:: ACTIVITY ::
What you return should be the lines from the first line of the records below through the line holding "Marianna Trofimova siting", unchanged.

:: INPUT DATA ::
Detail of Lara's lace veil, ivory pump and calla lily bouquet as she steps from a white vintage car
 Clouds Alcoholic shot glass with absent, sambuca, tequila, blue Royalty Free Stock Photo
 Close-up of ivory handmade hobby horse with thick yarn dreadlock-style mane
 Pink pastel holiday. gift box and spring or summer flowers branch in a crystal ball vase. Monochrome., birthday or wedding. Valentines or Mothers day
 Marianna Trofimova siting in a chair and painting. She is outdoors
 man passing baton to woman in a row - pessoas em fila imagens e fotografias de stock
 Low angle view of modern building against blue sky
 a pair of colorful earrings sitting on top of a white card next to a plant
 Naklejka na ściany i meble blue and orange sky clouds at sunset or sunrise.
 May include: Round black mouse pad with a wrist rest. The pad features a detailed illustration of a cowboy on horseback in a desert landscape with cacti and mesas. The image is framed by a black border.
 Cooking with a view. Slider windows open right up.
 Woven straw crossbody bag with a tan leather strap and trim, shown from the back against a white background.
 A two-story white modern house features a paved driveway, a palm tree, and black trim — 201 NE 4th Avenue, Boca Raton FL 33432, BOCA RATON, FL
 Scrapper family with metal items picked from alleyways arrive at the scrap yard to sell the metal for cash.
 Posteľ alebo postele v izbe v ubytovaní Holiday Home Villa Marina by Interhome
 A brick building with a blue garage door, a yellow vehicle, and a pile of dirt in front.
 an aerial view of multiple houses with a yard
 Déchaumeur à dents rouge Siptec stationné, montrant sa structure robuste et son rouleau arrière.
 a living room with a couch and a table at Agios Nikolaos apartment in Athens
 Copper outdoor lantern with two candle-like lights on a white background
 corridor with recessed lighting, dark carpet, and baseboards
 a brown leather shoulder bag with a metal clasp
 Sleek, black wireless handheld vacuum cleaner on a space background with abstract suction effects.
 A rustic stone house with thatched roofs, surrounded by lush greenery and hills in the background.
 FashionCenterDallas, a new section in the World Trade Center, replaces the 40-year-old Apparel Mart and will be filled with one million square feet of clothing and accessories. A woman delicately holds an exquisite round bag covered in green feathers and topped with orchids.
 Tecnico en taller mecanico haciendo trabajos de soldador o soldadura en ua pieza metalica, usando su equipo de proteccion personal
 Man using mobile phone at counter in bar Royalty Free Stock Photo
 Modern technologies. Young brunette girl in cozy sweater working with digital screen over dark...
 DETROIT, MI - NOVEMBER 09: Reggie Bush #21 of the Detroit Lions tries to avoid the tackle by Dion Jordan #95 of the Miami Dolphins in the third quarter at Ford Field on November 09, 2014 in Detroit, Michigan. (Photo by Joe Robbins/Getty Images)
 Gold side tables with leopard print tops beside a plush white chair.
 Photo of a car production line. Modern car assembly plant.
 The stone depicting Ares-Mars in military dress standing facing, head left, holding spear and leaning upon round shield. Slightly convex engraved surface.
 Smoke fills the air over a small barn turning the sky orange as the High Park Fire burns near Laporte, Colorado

:: EXERCISE OUTPUT ::
Detail of Lara's lace veil, ivory pump and calla lily bouquet as she steps from a white vintage car
 Clouds Alcoholic shot glass with absent, sambuca, tequila, blue Royalty Free Stock Photo
 Close-up of ivory handmade hobby horse with thick yarn dreadlock-style mane
 Pink pastel holiday. gift box and spring or summer flowers branch in a crystal ball vase. Monochrome., birthday or wedding. Valentines or Mothers day
 Marianna Trofimova siting in a chair and painting. She is outdoors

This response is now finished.